Deciding what to do with our money is an often tricky minefield, particularly when we are not well-versed at handling our finances. We discuss the important points that will help you decide if saving or investing is the best course of action for you, depending on your personal situation and financial goals.
The difference between saving and investing
Saving our money means putting some of it aside, with the aim of accumulating it to spend on something specific, like a deposit on a house, a big holiday, or for everyday emergencies, such as broken washing machines. This normally means you’ll be putting your money into a saving account, where it won’t be at risk and you can earn interest on it.
Investing, on the other hand, is where you use your money to try to make a profit, by putting it into things that you think will increase in value. There are plenty of places to invest, such as stocks, shares, funds, property, art or gold.

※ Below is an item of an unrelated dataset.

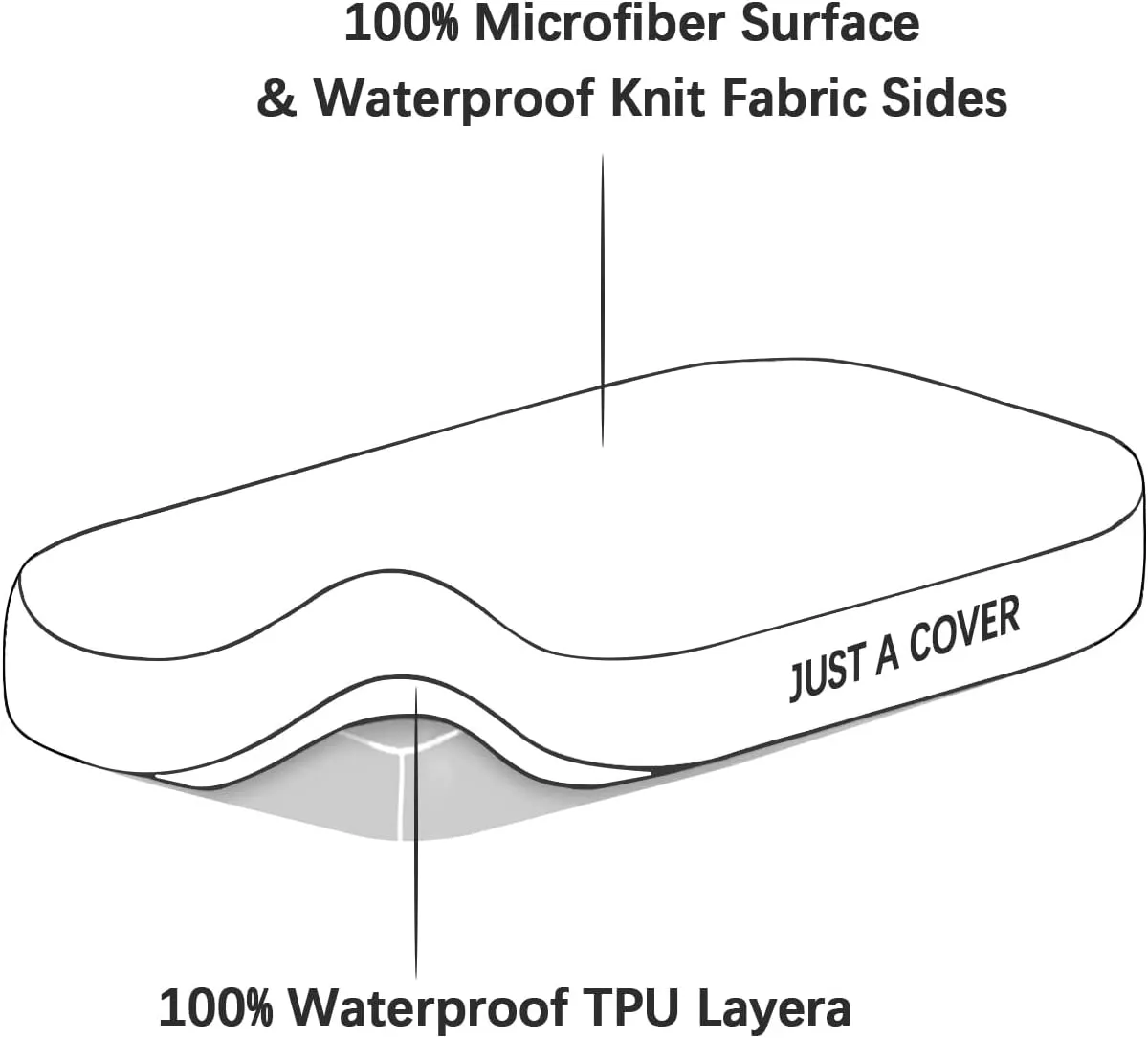 Bassinet Mattress Pad Cover, Fits 23” x 28” 4moms Breeze Plus Bassinet, 2 Pack, Ultra Soft Waterproof Breathable, White and Grey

Unlike saving, investing involves risk,since there is never any guarantee that you’ll get your initial investment back, nor make a financial profit. That being said, you can certainly grow your wealth by choosing the right investments and being sensible, by setting a practical risk appetite and diversifying your assets.
Saving is vital
Everyone should be trying their best to save at least some of their money each month towards an emergency fund – that is, a separate account which is specifically set aside for unforeseen situations that would require swift access to finances, like the loss of a job or a major home repair. As a general rule of thumb, you should have three months’ worth of living expenses in the emergency fund. That way, you’ll always have some financial security in the case of a sudden event.

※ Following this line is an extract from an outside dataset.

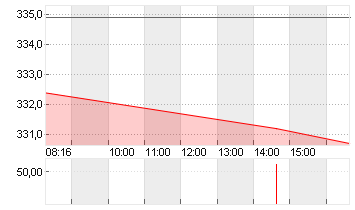 MTU AERO ENGINES NA O.N. Chart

Once you’ve sorted your emergency fund, you should aim to save around 10% of your income each month, if you can afford to.Having a personal budget planner will really help you to sensibly manage your finances and you can easily see where to make spending cuts after your essential outgoings are budgeted for.

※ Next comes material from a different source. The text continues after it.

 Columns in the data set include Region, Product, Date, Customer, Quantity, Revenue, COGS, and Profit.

The only time where it would not be appropriate to save is where there are very important things that require money first-and-foremost, like paying off debts.
Only invest when you’re ready
With regards to investing, the key point to make is that you should only do so when you are financially stable and have all your major debts under control. Next, you should set a realistic risk appetite,which will help you determine the risk you are willing to tolerate as an investor. This is essential, as all investments are risky, and means you are less likely to bite off more than you can chew, particularly as a beginner investor.
If you are unsure of where to start, a financial advisor or independent investment research company can help you decide where to invest.
Above all, saving money should be your key priority before investing, simply because it is your savings that will give you the initial wealth you need to kick-start your investment portfolio. As such, only after you’ve covered all your essential expenses, as well as anything big you need to plan for, like a house or wedding, would it be wise to consider investing.